The Book of Love is brilliantly plotted by Fionnuala Kearney so that the surprises on the way left me emotionally stunned. There are mysteries that unfold through magnificent storytelling. I genuinely gasped aloud a couple of times and occasionally I so wanted things to be different that my heart shattered. To have such a huge impact on the reader takes consummate skill and Fionnuala Kearney has it at its most wonderful. I can’t say too much about the plot because I would hate to spoil the read for others. However, I would say; be prepared to invest all your emotions without your consent because once you’re absorbed into The Book of Love your life, your heart and your very soul will not be your own. It’s fair to say that Fionnuala Kearney not only understands humanity in its very essence, she knows exactly how to convey that essence on the page in The Book of Love.
I’m not going to say more because I don’t feel up to the task of articulating what a wonderful, wonderful book this is. The Book of Love is compassionate, beautiful and raw. It touched me. It broke me and ultimately it left me feeling that, whatever life throws at us, love can and does endure.

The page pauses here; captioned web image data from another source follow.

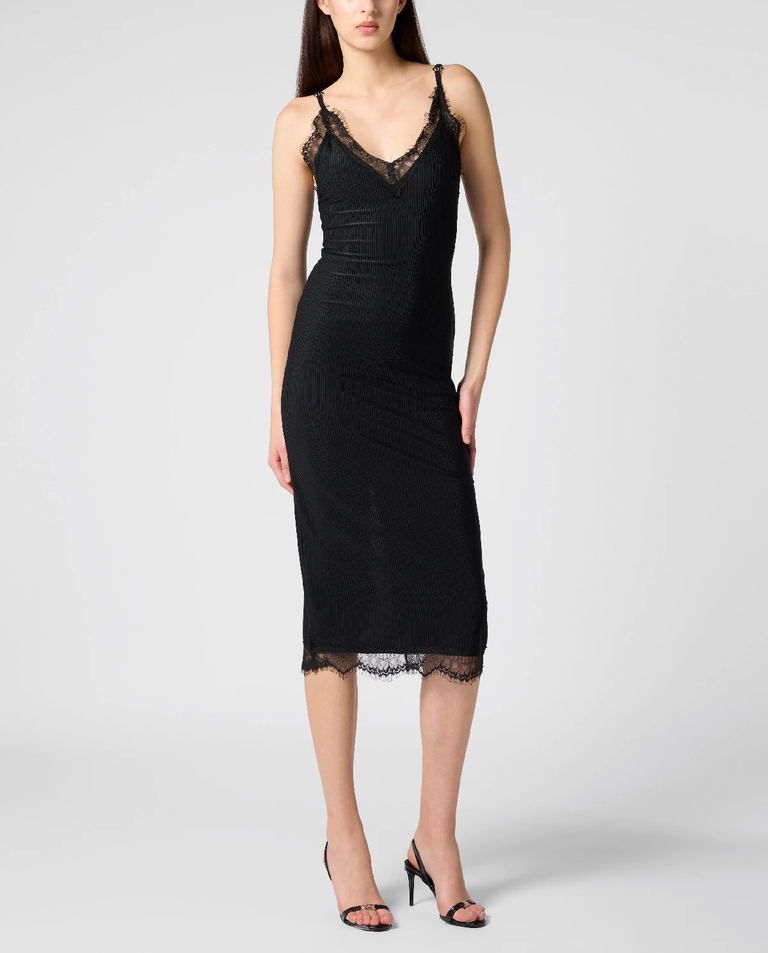 Czarna sukienka midi z koronką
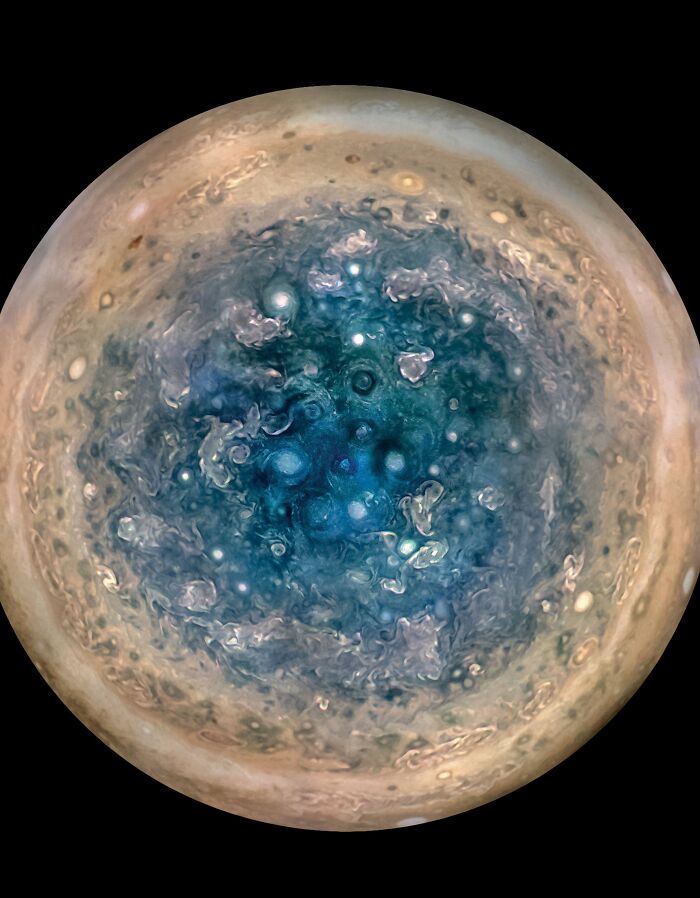 La primera foto nunca antes hecha del polo sur de Jupiter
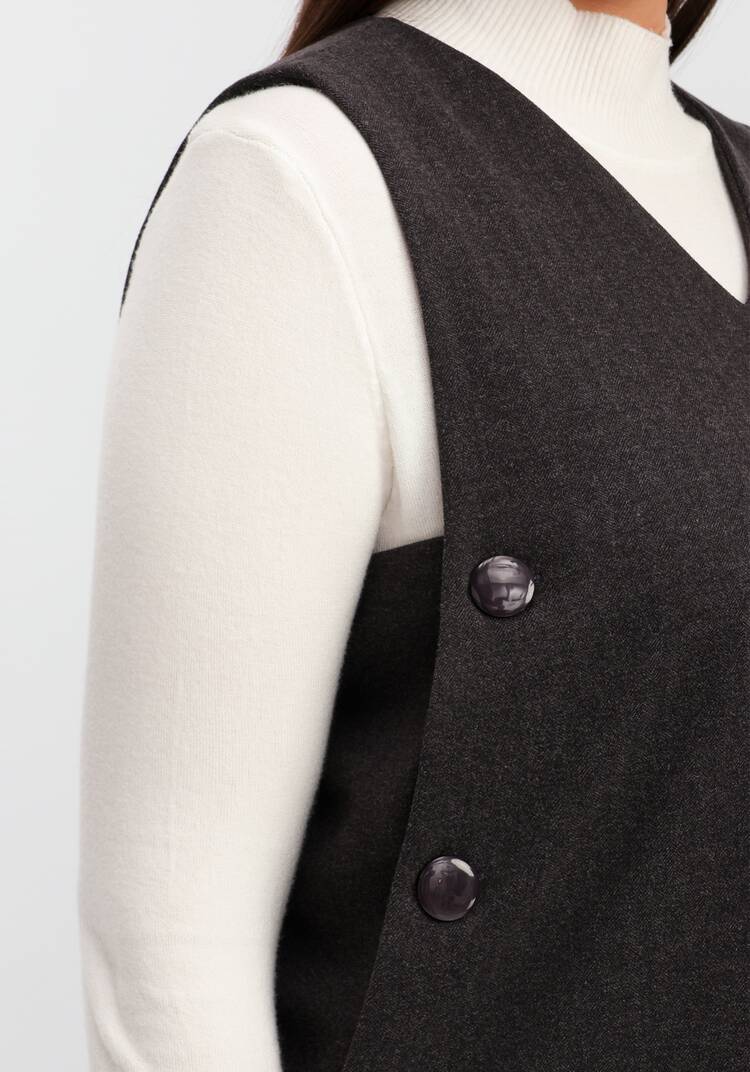 Жилет А-силуэта с дизайнерской застёжкой шир.  750, рис. 23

I completely and utterly adored The Book of Love – mightily!
About Fionnuala Kearney
Fionnuala Kearney, pronounced Finoola Carney, was born Fionnuala Moore into a large Irish family. One of seven children, she discovered, age six, that she had in fact been christened Ann. That’s Ann with no ‘e’. Her parents had decided, for some reason to address her by her second name, saddling her with a life of dealing with unnecessary vowels.
At twenty she moved to London and marrying Mr Kearney proved to be the best thing she ever did (apart from the fact that the vowel thing escalated even further). Two daughters, both with deliberately simple mono syllabic names followed.
Earning a living meant working in property. She was for many years a home search agent (like Phil and Kirstie without the cameras). Dealing with high net worth individuals and celebrities, she decided one fateful day, five years ago, that it was time for a change.
Encouraged by her loved ones, she did just that. Five years later – years of penury in her garret spent learning her craft, with not a celeb in sight (except for an odd dose of the Kardashians on telly), she is often found talking to herself with yellow ‘post its’ stuck to her forehead.
She likes to write about relationships: a married couple, a mother and child, siblings, best friends… She likes to peel away the layers and see what’s going on beneath and then tell you all about it.